Сцена театра. Слева - столик и стул. Справа входят Аполлон Епенетов и Ермолай Горский в сопровождении вахтёра.
Вахтёр. Тут подождите, он скоро придёт.
Аполлон. Надеюсь, Вы нас представили?
Вахтёр. Я сказал, что пришли два актёра на этот... как его... просмотр. Он махнул рукой: мол, знаю, пусть подождут на сцене. Ну и всё. Вот сцена, вот вы.
Аполлон. То есть Вы не говорили, что пришли (показывает на Ермолая) Ермолай Горский и (показывает на себя) Аполлон Епенетов?
Вахтёр. Он придёт и разберётся, кто вы и что вы.
Ермолай. А документы кому отдавать?
Вахтёр. Я - вахтёр. Мне они не нужны. При себе держите, или вон пока на стол положите (актёры кладут на стол свои документы). Кадровик придёт, ему отдадите, если вас возьмут.
Аполлон. Если?
Вахтёр. Да, тут приходили уже трое или четверо. По одному. Григорий Евсеевич Лучков лично смотрел каждого и всех отправил домой.
Ермолай. Плохо играли?
Вахтёр. Я-то почём знаю? Все уходили несолоно хлебавши. Так что если придёт Лучков, можете сразу собираться прочь.
Аполлон. Посмотрим.
Вахтёр. Смотрите, сколько хотите. А я пошёл, у меня кто-то две бумажки наклеил на двери. (уходит)
Аполлон. Да уж, вахтёр - это не профессия, а образ жизни.
Ермолай. Простите, что спрашиваю: Аполлон - это псевдоним?
Аполлон. Матушка назвала.
Ермолай. В честь греческого бога?
Аполлон. В честь, в честь... А Горский - псевдоним?
Ермолай. Нет, это мамы фамилия.
Аполлон. Ах, мамы... А ты... можем на "ты"? Я-то постарше буду... Ты, как я понял из нашего краткого разговора внизу, из местных?
Ермолай. Да, я тут неподалёку живу у матери. На полгода уезжал в областной центр, там театральные курсы закончил и вот неделю назад вернулся...
Аполлон. Что ж вернулся? Там-то проще было б устроиться.
Ермолай. У отца там места маловато для жизни. Я и так эти полгода у него жил и даже в его кафе ночевал, там же официантом подрабатывал, а сейчас сюда приехал, к матери...
Аполлон. А, у отца... Так он что, прогнал тебя что ли?
Ермолай. Вовсе нет. Просто у него своя семья. А здесь и пожить есть где, и с чего-то начинать надо - не сразу же в главные театры идти.
Аполлон. Наверно, ты прав. В центре-то, может, и не нашлось бы места, а тут можно и опыт получить, и навыки отточить, и знания применить. Пока здесь устроиться, а там - и к отцу поближе перебраться.
Ермолай. Мне бы опыта набраться.
Аполлон. Когда нас обоих возьмут, я тебя поучу. Я-то в искусстве уже двадцать лет. Как говорится, не приходя в сознание. То тут, то там. Я столько театров сменил, что и не сосчитать, и столько всяких режиссёров и постановок видел, не передать.
Ермолай. А сейчас что случилось? Почему сюда пришёл?
Аполлон. Как обычно. Привык пробовать новое. Не засиживаться на одном месте. Поживёшь с моё - ещё не так разойдёшься. Как с женщинами - ты можешь пожить с одной какое-то время, но она скоро приестся, и нужна новая.

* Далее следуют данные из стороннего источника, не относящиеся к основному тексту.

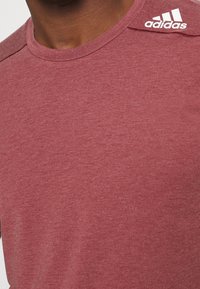 Bordový sportovní tričko vyrobené z měkké, strukturované tkaniny. Obsahuje kulatý výstřih a bílé logo Adidas na levém rameni.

Ермолай. И что, ты их бросаешь?
Аполлон. А что с ними делать? Мой тебе совет, актёрский, - не связывайся с партнёршами по театру! С ними - только рабочие отношения, как бы смешно это ни звучало.

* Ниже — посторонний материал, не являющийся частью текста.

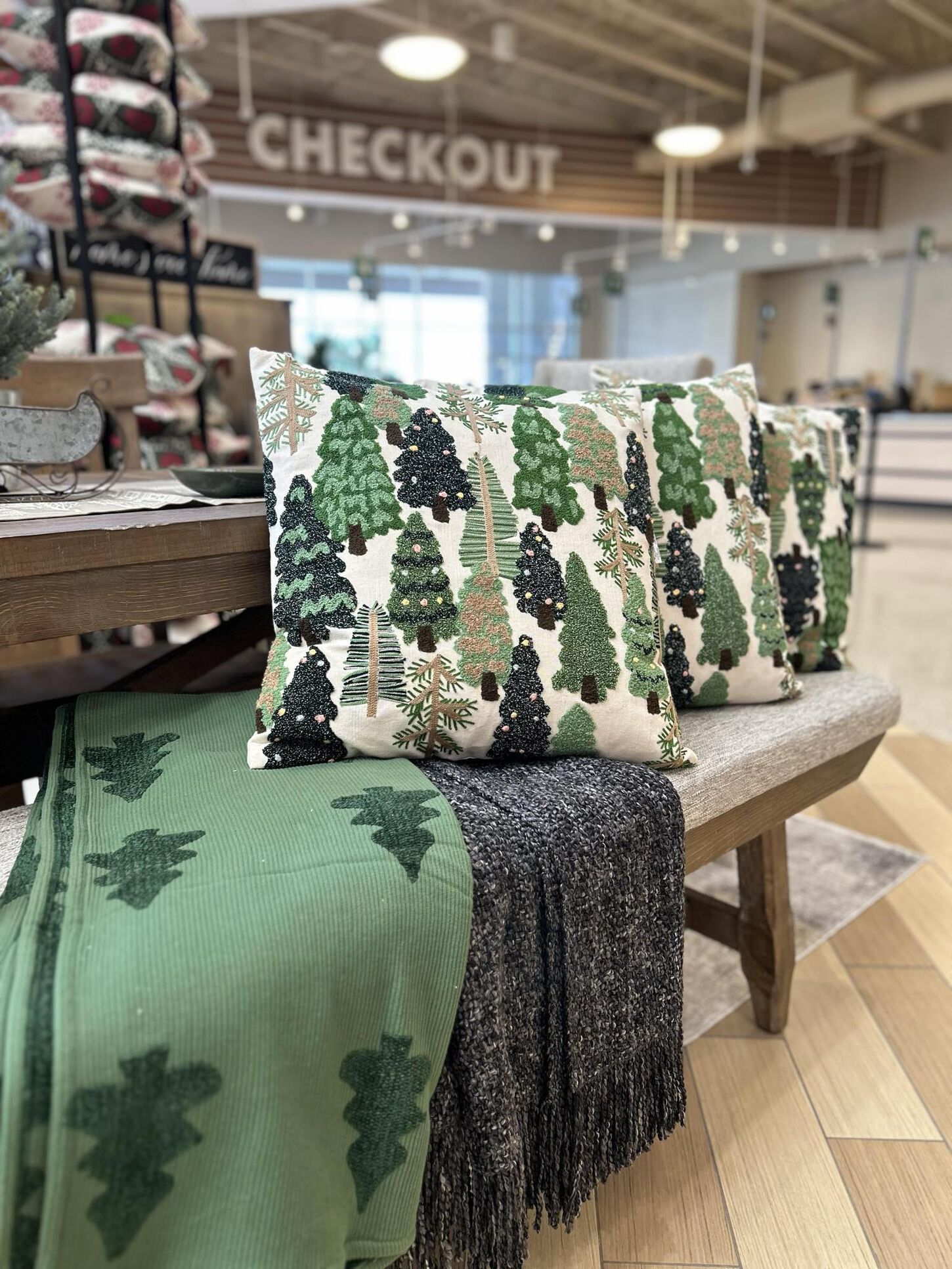 christmas tree pillow and blanket with trees on a bench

Ермолай. Что же актрисы хуже всех остальных? Если я влюблён в актрису, что - бежать от неё?
Аполлон. Уж поверь моему опыту. Я на своём веку повидал всяких. И я тебе скажу - от одних нужно держаться подальше. Там в голове тараканы на ветрах носятся! Сейчас смеётся, через секунду плачет. То... как в песне, щетинится, как ёж.
Ермолай. Актриса же...
Аполлон. Да... что возьмёшь... В общем, ведёт себя, как на уроке в училище. А другие - как вцепятся в тебя, хуже репейника. От них потом не отвяжешься, хоть умирай. И то, боюсь, из гроба вынут... Так что берегись актрис! Разок, другой поцелуй - и беги, беги скорее.
Ермолай. Но если ты уже влюблён и с ней в одном театре?

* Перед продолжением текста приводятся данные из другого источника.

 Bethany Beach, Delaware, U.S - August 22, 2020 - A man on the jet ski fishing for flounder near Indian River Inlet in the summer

Аполлон. Не влюбляйся. А коли влюбился - уходи из этого театра. Понятно, что очень трудно устоять, когда играешь героя-любовника, от поцелуев и объятий куда как более, чем дружеских. Особенно если партнёрша очень привлекательна. И понятное дело, что ты не можешь холодно к ней относиться, тем более если влюблён в неё. Однако по прихоти драматурга и режиссёра тебе нужно обнимать и целовать не только эту женщину, но и других, и всех вообще - точно так же, как в жизни. Чтоб натуральнее смотрелось из зрительного зала. А сможешь ли целовать других, если влюблён, да и ещё она тут же смотрит, стоит, а? Как абстрагируешься, как вас учили?
Ермолай. Нужно вжиться в роль - нас так учили.
Аполлон. Что ж, это по одной из систем. Да, говорят: на сцене нужно играть, живя. То есть, как настоящий актёр, ты должен жить на сцене. А вне сцены, видимо, - жить, играя.
Ермолай. Нам говорили, что нужно в жизни выходить из образа. Не терять себя. Театр и сцена - это одно, а настоящая, своя личная жизнь - другое. И никак нельзя переставать быть собой, иначе можно себя потерять совсем. В жизни нужно быть другим, самим собой.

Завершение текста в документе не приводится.